Zach Solow celebrates NU's first goal of the contest, much to Harvard's dismay.

George Barker, sports editor

In a crowded TD Garden, defending champion No. 12 Northeastern kicked off the 68th annual Beanpot with a close match against the No. 17 Harvard Crimson this evening. The Huskies were up to the tough task, moving one step closer to their seventh Beanpot victory as they fought their way into their seventh finals appearance since 2011 with a 3-1 win. 

“This is a big emotional game for all our guys. Anytime you can get a win in this tournament in this venue, it’s special. I’m happy for all our guys for the win,” said NU head coach Jim Madigan. “I think that was a really great hockey club we just played. We had a ‘bend and don’t break mentality,’ and it served us well.”

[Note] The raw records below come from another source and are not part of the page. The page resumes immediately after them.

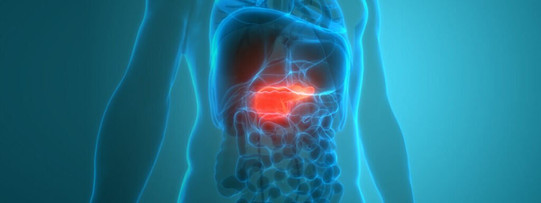 Understanding Gall Bladder Cancer Treatment with Dr. Ganesh Nagarajan in Mumbai Doctor Near Me gall bladder cancer treatment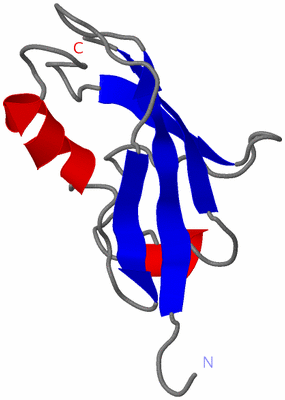 Image NMR Structure - model 1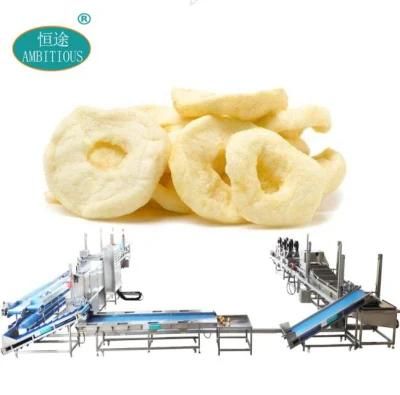 Freeze-Dried Apple Slices Fruit Vegetable Processing Production Line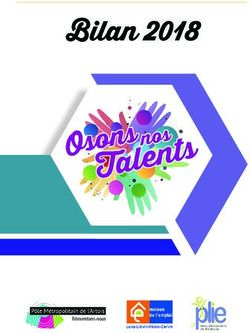 Bilan 2018 - Pôle Métropolitain de l'Artois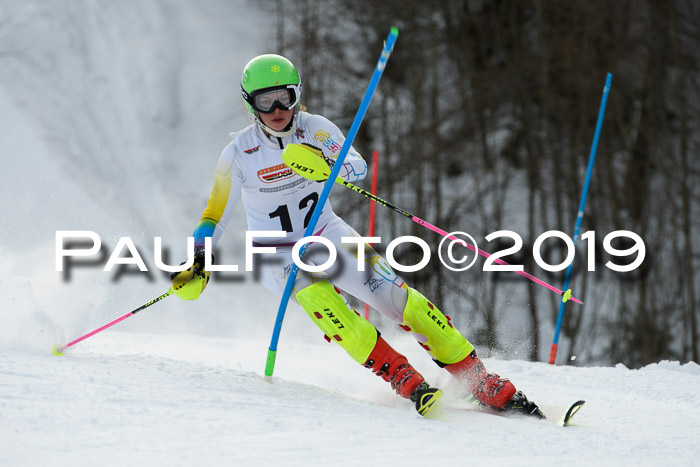 DSV Dt. Schülercup U14 SL 20.01.2019 Slalom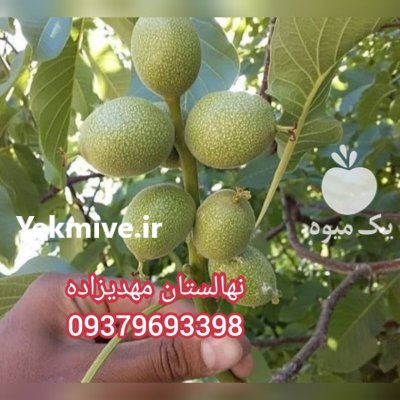 گردو خوشه ای و کوپه ای مهدی زا ده در بوکان در گروه خرید فروش نهال - انواع گردو پسته بادام سلطانی انگور در یکمیوه -عکس4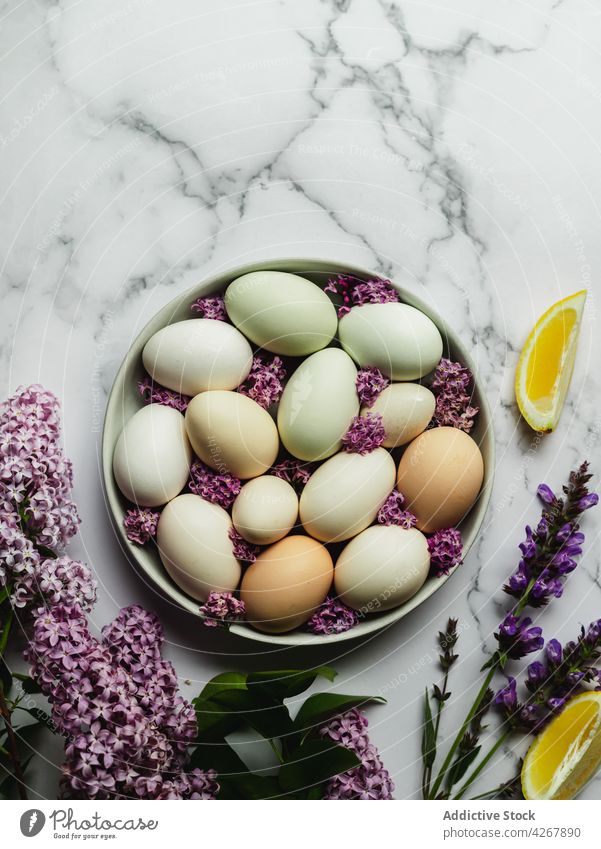 Rohe Eier mit blühenden Lavendelblüten auf Marmoroberfläche Zitrone Bestandteil Frucht Blume natürlich Produkt roh Teller Aroma organisch frisch Pflanze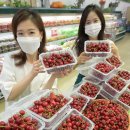 체리마트 이미지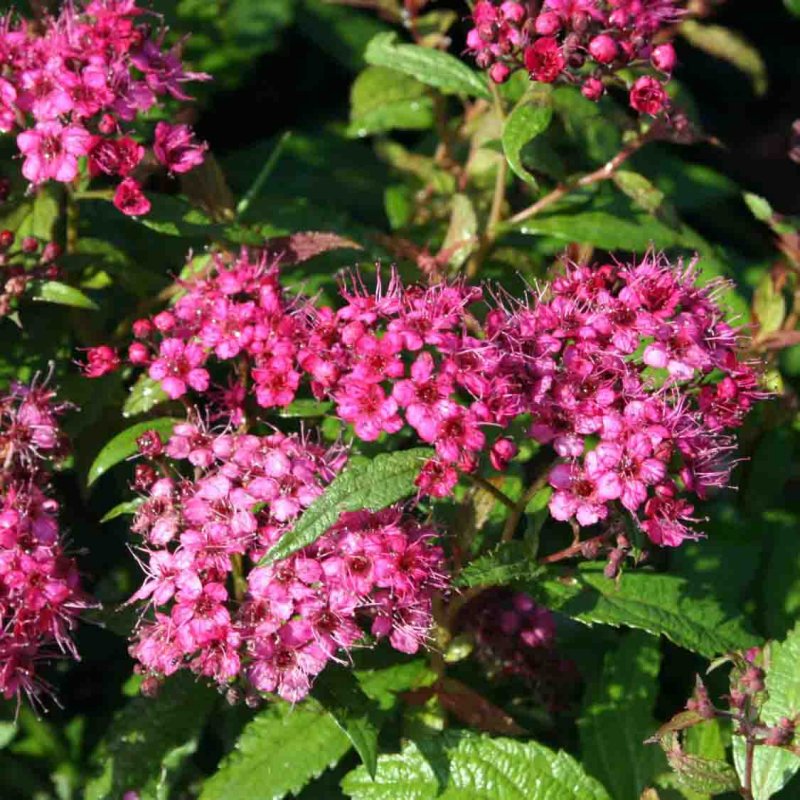 Spiraea japonica Anthony Waterer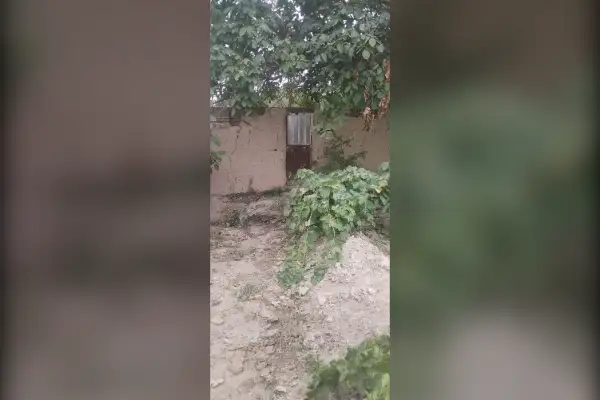 زمین باغ ۳۰۰ متری روستای آجان - تصویر 4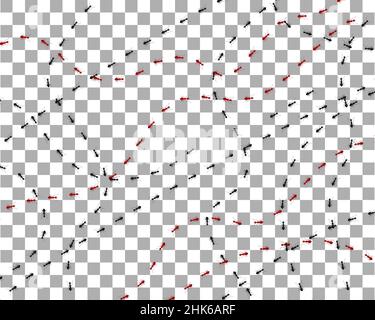 Le formiche percorrano direzioni diverse su sfondo trasparente. Una linea di marciatura della colonna di formica rossa e nera. Progettare elementi naturali piatti. Vettore illustrati Illustrazione Vettoriale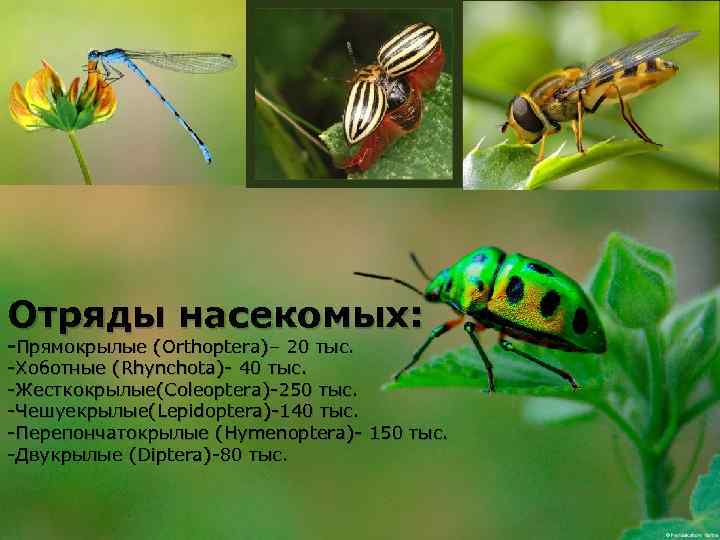 Отряды насекомых: -Прямокрылые (Orthoptera)– 20 тыс. -Хоботные (Rhynchota)- 40 тыс. -Жесткокрылые(Coleoptera)-250 тыс. -Чешуекрылые(Lepidoptera)-140 тыс.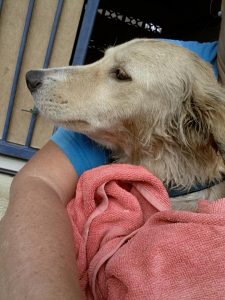 12721854_10207395868629808_841192062_n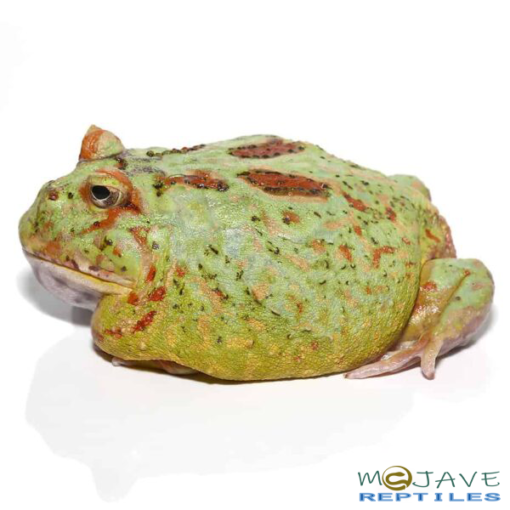 ADULT MATCHA PACMAN FROGS FOR SALE - Image 3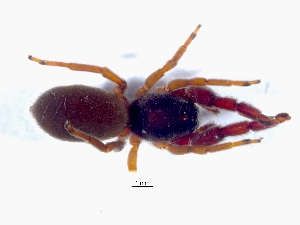  (Palpimanus capensis - KBGPS64)  @11 [ ] CreativeCommons - Attribution Non-Commercial Share-Alike (2018) Unspecified National Collection of Arachnida (NCA)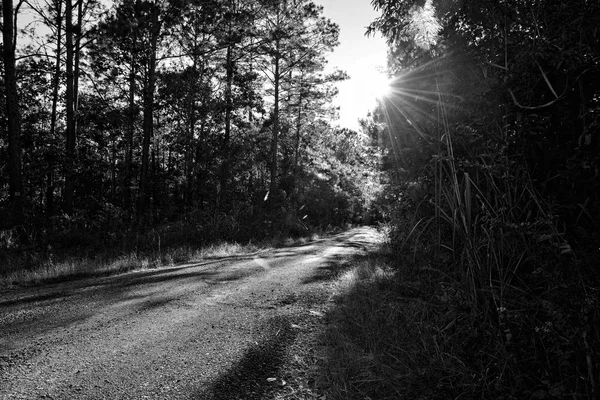 Straße im Dschungel, Thailand: Sonne mit Linsenschlag — Stockfoto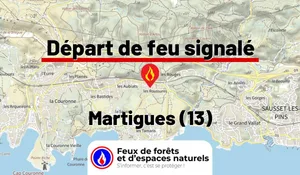 Incendie à Martigues (13) : le feu est éteint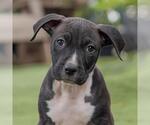 Small #2 Labrador Retriever Mix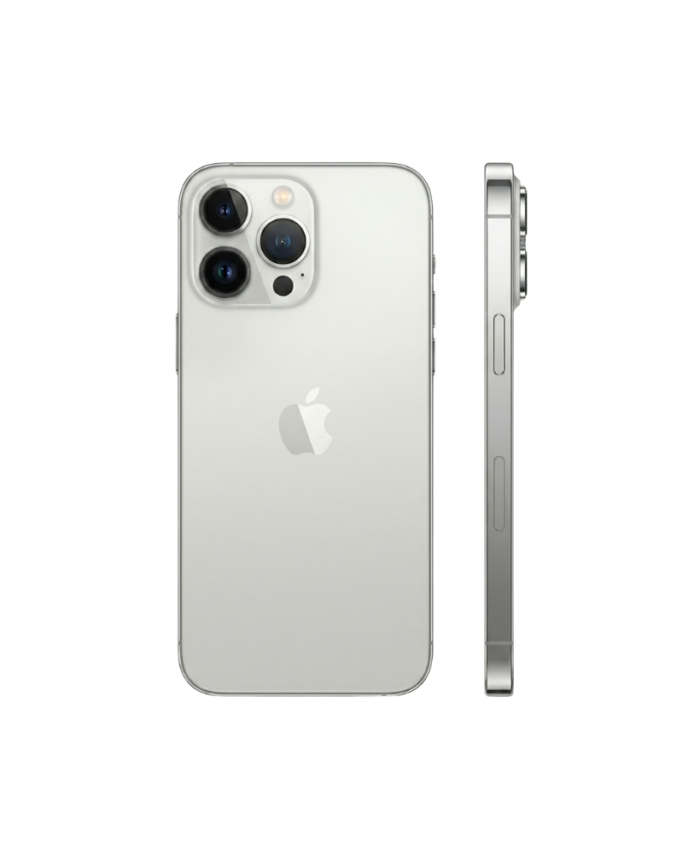 iPhone 13 pro max gris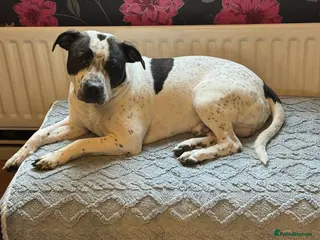 Staffordshire Bull Terrier dogs Looking for a loving home for our puppy - Advert 11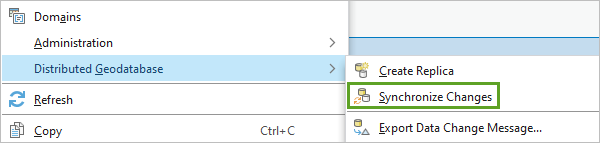 Synchronize Changes options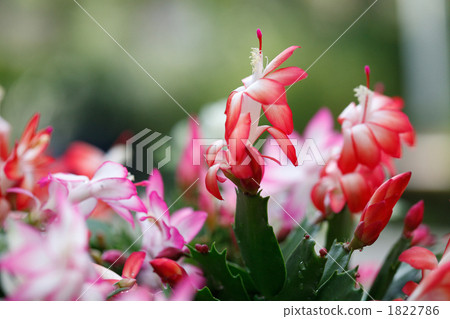 Beautiful Shakoba Saboten Beautiful Shakoba Saboten 1822786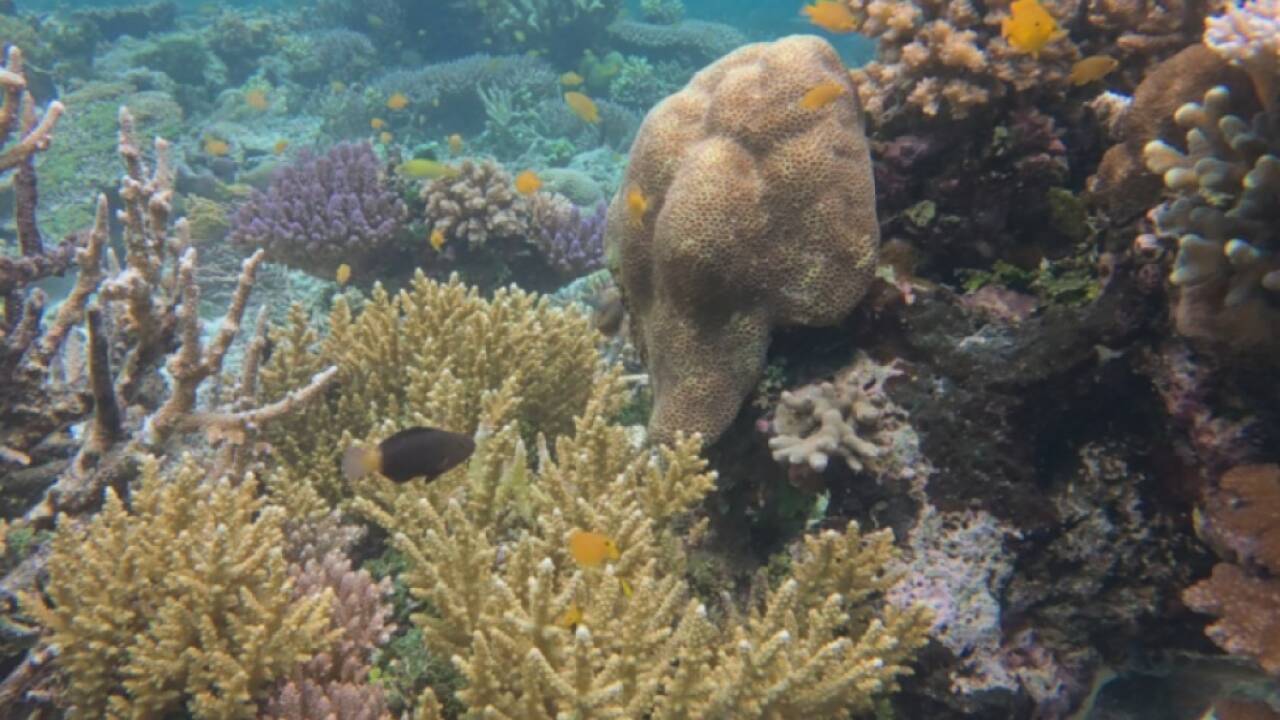 Unterwasserfoto zeigt Korallenbleiche im bedrohten Archipel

The game was shaped up to be a battle of special teams. Harvard came in with the NCAA’s most efficient power-play unit, converting on 30 percent of their man-power advantages, while NU came in ranked fourth in penalty kill percentage, squashing 89 percent of their opponent’s power plays. Excluding a late-game empty-netter, each goal in the game came as a result of a power play, while Northeastern’s defensive highlight was killing off a near two-minute five-on-three to open the third period. 

“I think killing penalties gives us more motivation than scoring a power-play goal because all the guys are up on the bench, everyone’s live, every play matters,” said NU captain Ryan Shea. “They scored the first one, we adjusted. Unfortunately we got on the five-on-three, but our compete level just went up five notches once that happened, and we shut them down. I think that’s what gave up momentum to shut them down the rest of the game.”

Sarah Olender
Husky skaters mob Pantano during a goal celebration.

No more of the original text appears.